Apesar das divergências religiosas, a situação política só começa a degradar-se após 1580, entrando em ruptura definitiva a partir de 1585, altura em que Filipe II embarga produtos e navios Ingleses e das repúblicas rebeldes dos Países-Baixos, nos portos de Castela.

Estas medidas têm seguimento idêntico em Portugal no ano seguinte assim como a decisão de atacar Inglaterra, inicialmente em 1587, mas só concretizada em 1588, com a «Felicíssima Armada». Fazem também com que Isabel I passe a dar mais apoio às acções contra os interesses do monarca espanhol, em dinheiro, homens e navios, quer aos rebeldes na Holanda quer às acções de Drake, nas Américas e na Península, em 1585 e 1587, respectivamente

É durante o ataque a Cádiz em 1587 que é capturada pelos ingleses, a primeira nau portuguesa da Carreira da Índia, a S. Filipe, ao largo dos Açores, assim como diversas embarcações e navios menores que navegavam ao longo da costa entre Cádiz e Lisboa e, é atacado o Algarve.

Nesse ataque de 1587 e no de 1589 à Península, apesar de terem objectivos militares, o factor comercial teve um grande peso. Para além dessas grandes expedições, outras mais pequenas, levadas a cabo por nobres ingleses, em especial aos Açores, realizaram-se até aos inícios do século XVII. Essas armadas tiveram o apoio da rainha inglesa e, apesar do seu número, apenas conseguiram capturar mais duas naus da Índia, embora tivessem levado à destruição de algumas outras. De realçar que apenas uma vez se travou um combate entre corsários ingleses e uma armada de protecção, que foi em 1591 e resultou no afundamento do célebre galeão inglês Revenge.

Contudo, a actividade dos corsários não se limitou a essas armadas, pois eram muitos os pequenos navios ingleses particulares, que, sozinhos ou em pequenos grupos, atacavam os pequenos navios Ibéricos que navegavam de ambos os lados do Atlântico.

As medidas tomadas contra o comércio holandês, por Filipe II, em finais do século XVI, levaram inicialmente a que os rebeldes holandeses começassem também a apoiar as acções inglesas, como sucedeu em 1596 num novo ataque a Cádiz. Posteriormente e, com a divulgação do Itinerário de Linschoten, começaram a aventurar-se na Rota do Cabo, tendo sido procedidos apenas por alguns anos pelos ingleses.

Este desenvolvimento fez com que o principal teatro de confronto entre as nações europeias se transferisse para o Oriente, e para a Rota do cabo em geral, onde os dois países atrás mencionados começaram uma campanha de expulsão dos portugueses da zona.
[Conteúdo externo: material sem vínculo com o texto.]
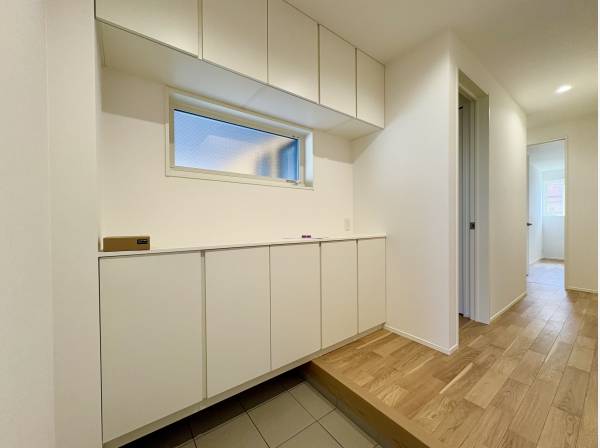 収納力が魅力の玄関ホール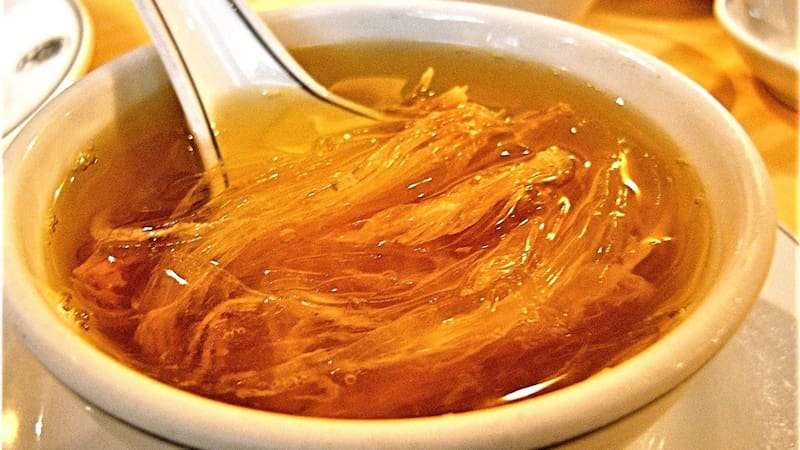 La sopa de aleta de tiburón es muy consumida en China y su valor llega a los u$s 300. Foto: Wikimedia Commons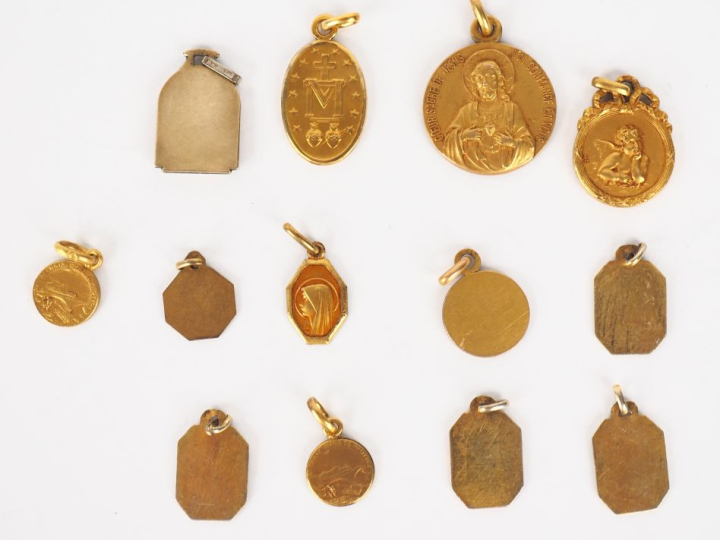 13 différentes médailles religieuses en métal doré ou plaqué.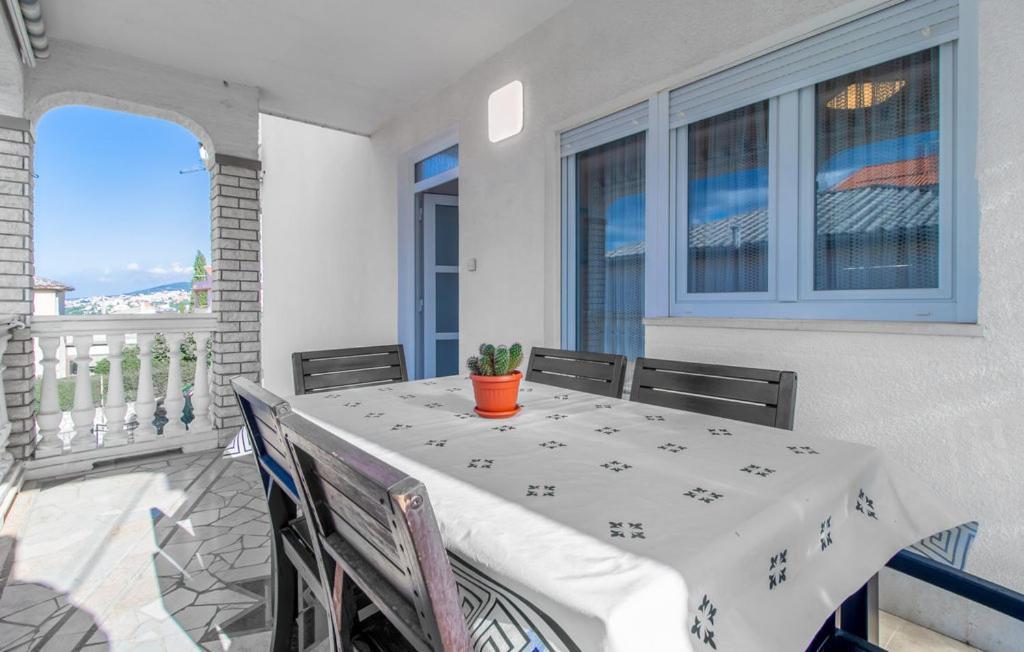 Apartment App 4+1 S Dvije Spavace Sobe Selce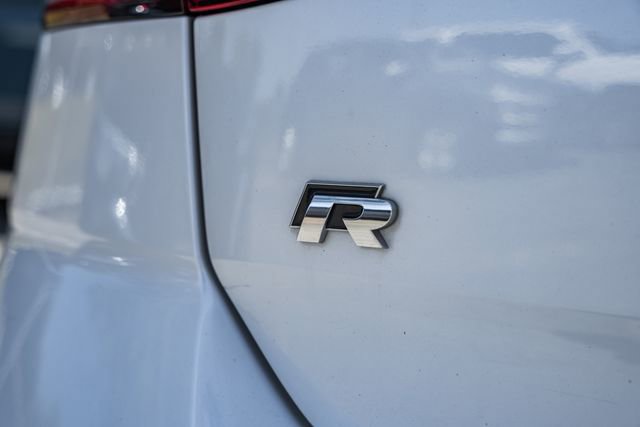 Used 2019 Volkswagen Golf R 4-Door image 4
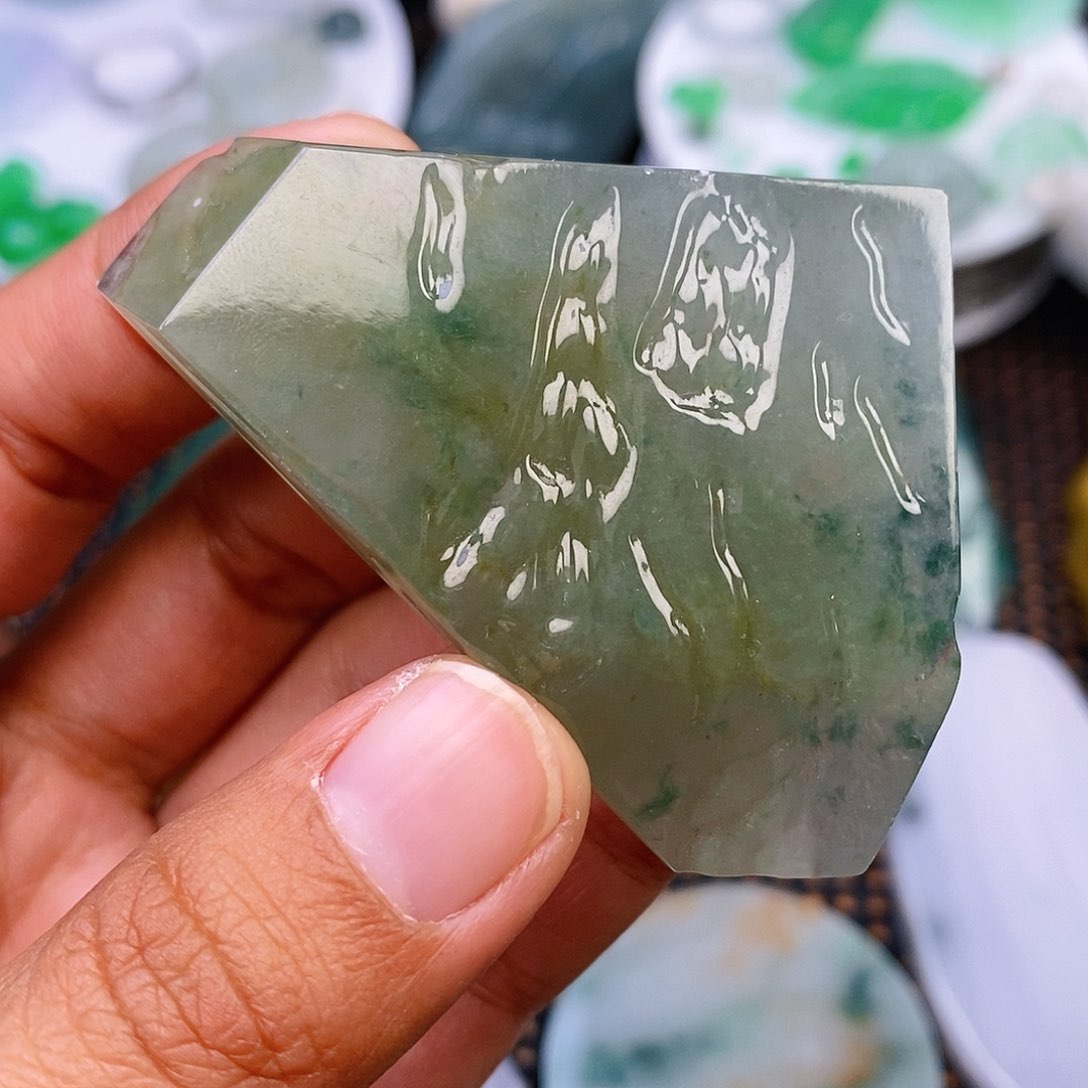 翡翠颈饰未镶嵌翡翠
No entanto o Atlântico não ficou esquecido, pois a Barra do Tejo chegou a ser bloqueada e os holandeses chegam mesmo a ocupar parte do Brasil, Angola e S. Jorge da Mina.

Augusto Salgado


Bibliografia

ANDREWS, K. R., Elizabethan privateering, Cambridge, Cambridge University Press, 1964.
FERREIRA, Ana Maria Pereira, “Os Açores e o corso francês na primeira metade do século XVI...”, in Os Açores e o Atlântico, Angra do Heroísmo, ed. Inst. Hist. da Ilha Terceira, 1984, pp.280-297.
GUERREIRO, Luís R., “Pirataria, corso e beligerância estatal no Sudoeste peninsular e ilhas adjacentes (1550-1600)”, in As rotas oceânicas (sécs. XV-XVII), Lisboa, Ed. Colibri, 1999, pp.119-147.
JESUS, João Carlos da Silva de, “A cooperação entre os reinos Ibéricos: o caso das armadas dos Açores”, in A união Ibérica e o mundo atlântico, Lisboa, Ed. Colibri, 1997, pp.105-113.